WHAT YOU SHOULD DO => Where an image occurs, skip it and print the rest of the records verbatim.

DATA SECTION =>

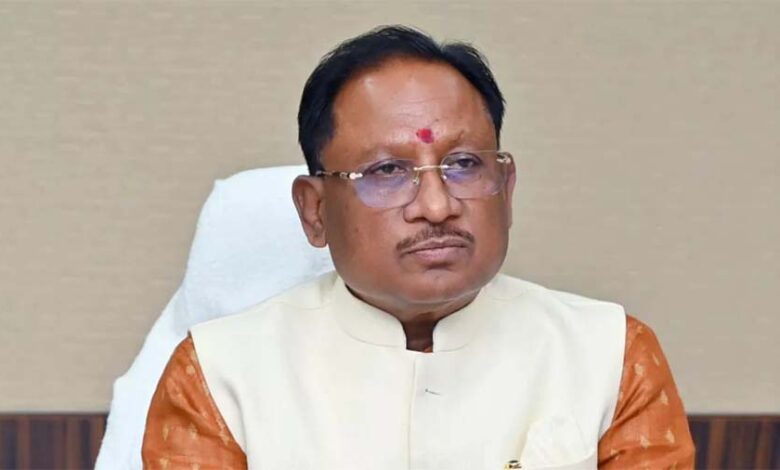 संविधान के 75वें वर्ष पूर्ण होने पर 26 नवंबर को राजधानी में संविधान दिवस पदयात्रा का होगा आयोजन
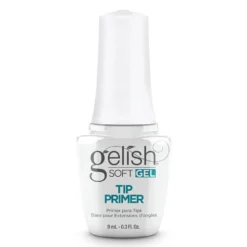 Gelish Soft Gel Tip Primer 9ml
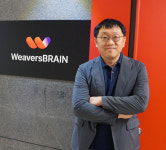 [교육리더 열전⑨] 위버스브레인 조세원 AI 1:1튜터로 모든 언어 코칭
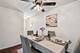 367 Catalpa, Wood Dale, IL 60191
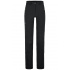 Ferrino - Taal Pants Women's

EXERCISE ANSWER =>
 संविधान के 75वें वर्ष पूर्ण होने पर 26 नवंबर को राजधानी में संविधान दिवस पदयात्रा का होगा आयोजन
 Gelish Soft Gel Tip Primer 9ml
 [교육리더 열전⑨] 위버스브레인 조세원 AI 1:1튜터로 모든 언어 코칭
 367 Catalpa, Wood Dale, IL 60191
 Ferrino - Taal Pants Women's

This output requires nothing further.